**How to complete this task**
Beginning with the line containing "Подвесной унитаз Boheme Hermitage белый 951" and going on through the line containing "Self-Portrait Black Lace Button Top", the lines below are to be returned exactly, pictures excluded and nothing added.

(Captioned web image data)
═══

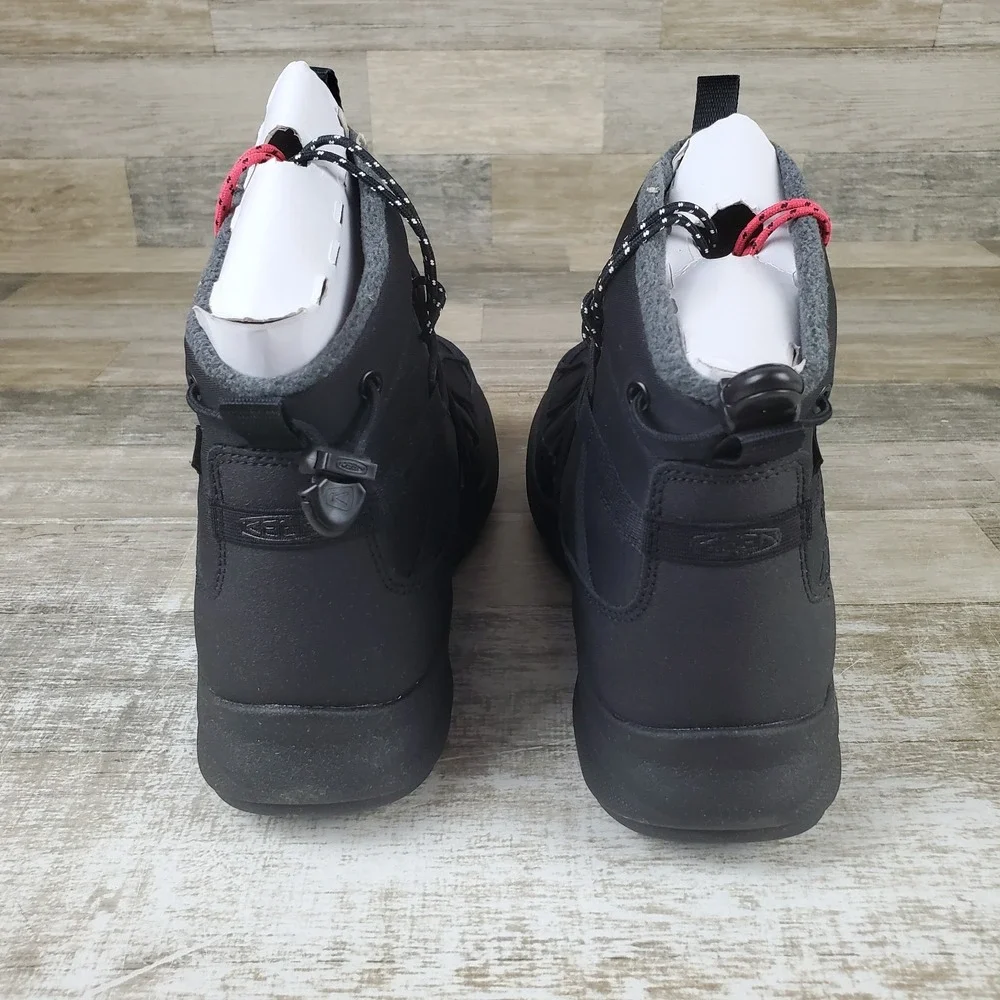 KEEN Uneek SNK Mens Chukka Boots Sz 11.5 Triple Black Mid Top Lace Up Waterproof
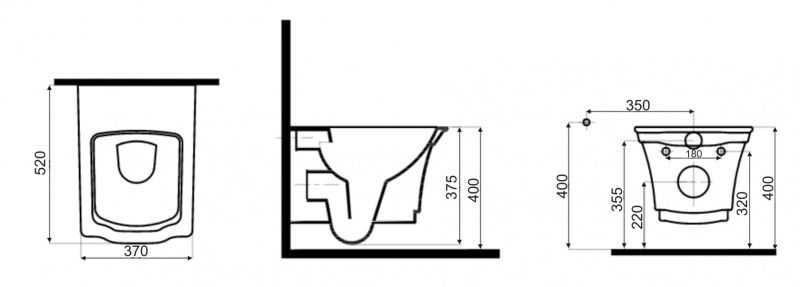 Подвесной унитаз Boheme Hermitage белый 951
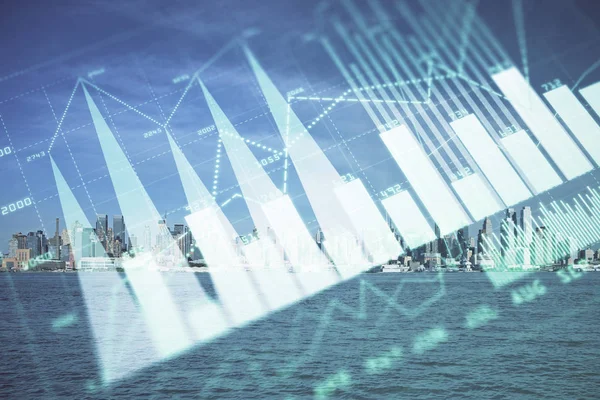 Forex graph on city view with skyscrapers background double exposure. Financial analysis concept. — Stock Photo, Image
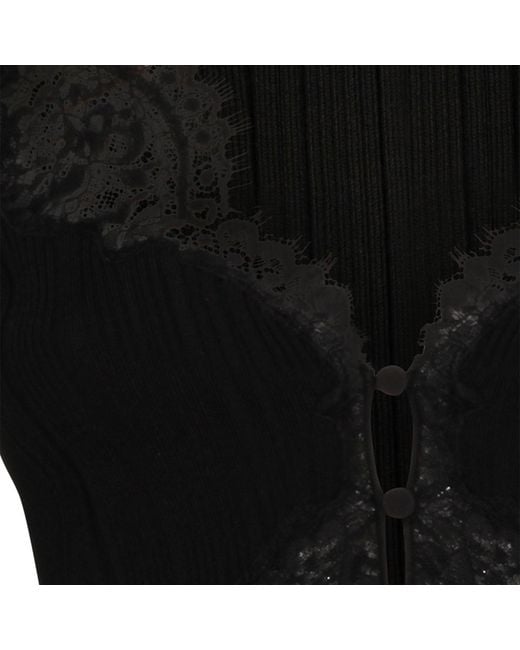 Self-Portrait Black Lace Button Top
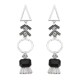 JASSY® Fashion Women Ear Drop Earring Luxury Platinum Plated Geometric Black White Earring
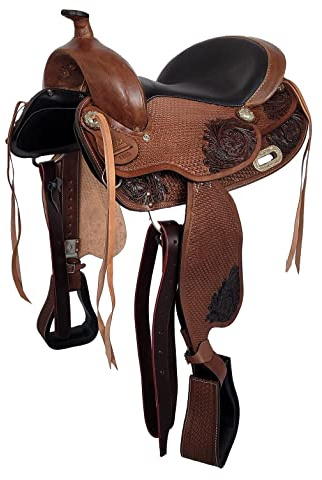 A&M Reitsport Selle western sans arbre Zuni marron en cuir de buffle, arceau de tête interchangeable, taille : 17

═══

**Result of the exercise**
 Подвесной унитаз Boheme Hermitage белый 951
 Forex graph on city view with skyscrapers background double exposure. Financial analysis concept. — Stock Photo, Image
 Self-Portrait Black Lace Button Top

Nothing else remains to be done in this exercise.